Return a copy of every line in the records that includes the word "Shirt".

(INPUT DATA Opens)

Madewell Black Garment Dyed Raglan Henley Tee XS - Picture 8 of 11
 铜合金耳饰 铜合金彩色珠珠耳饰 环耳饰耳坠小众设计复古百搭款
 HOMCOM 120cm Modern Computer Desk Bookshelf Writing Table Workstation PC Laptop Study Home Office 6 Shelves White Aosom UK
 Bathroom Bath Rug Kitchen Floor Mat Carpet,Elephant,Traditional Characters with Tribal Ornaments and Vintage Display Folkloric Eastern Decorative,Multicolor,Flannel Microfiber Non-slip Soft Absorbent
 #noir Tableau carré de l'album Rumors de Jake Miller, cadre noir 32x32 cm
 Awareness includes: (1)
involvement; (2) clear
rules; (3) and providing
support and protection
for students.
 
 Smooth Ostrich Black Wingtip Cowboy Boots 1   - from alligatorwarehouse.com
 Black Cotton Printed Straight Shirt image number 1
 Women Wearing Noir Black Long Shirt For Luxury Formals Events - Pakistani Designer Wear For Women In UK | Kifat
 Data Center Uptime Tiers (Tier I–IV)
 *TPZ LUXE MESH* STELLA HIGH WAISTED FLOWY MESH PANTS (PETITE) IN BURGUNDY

(INPUT DATA Closes)

RESULT OF THE EXERCISE ::
 Black Cotton Printed Straight Shirt image number 1
 Women Wearing Noir Black Long Shirt For Luxury Formals Events - Pakistani Designer Wear For Women In UK | Kifat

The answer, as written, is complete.